Words, and Silence: this year the Teatro Povero addressed on stage these two contrasting values, or sets of behaviour. As always, approaching the subject in two different contexts: that of the peasant society, which everyone still remembered, and that of the modern world.
The first act was a series of scenes set in the 1920s. For peasants, in most contexts, the ability to use words was envied—it seemed to provide power, even a kind of liberation. The words of the Catholic liturgy were respected, though not always understood. The travelling artisan with his salesman’s patter was able to fascinate, and even to control, the less educated and less well informed peasants who were trapped on their farms. And it was shown how under the fascist régime any attempt to instruct the peasants—to give them words which would enable them to express themselves and analyse their condition—was seen by the ruling class as dangerous and something to be suppressed.

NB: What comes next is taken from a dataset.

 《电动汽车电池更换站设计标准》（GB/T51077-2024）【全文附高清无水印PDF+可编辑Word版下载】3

In respect of the modern world, in Act II, things were viewed differently. Nowadays we are bombarded technologically by an incessant stream of words and information which, if we think about it, we don’t necessarily want. The village was shown as being hit by a strange disease, whereby people were first compelled to talk incessantly, and then in a second stage refused to talk at all. This dilemma was combined with another one: the increasing suspicion in Monticchiello that the village’s own tool of self-expression, its theatre, was leading to a situation whereby the people were regarded as a display for other people, even as a museum. Attempts by intrusive outsiders to ‘cure’ the disease left an impasse with no resolution.
The finale tried to break the impasse and reject the extremes: it returned us to a situation of normal conversation, neither too many words nor too few.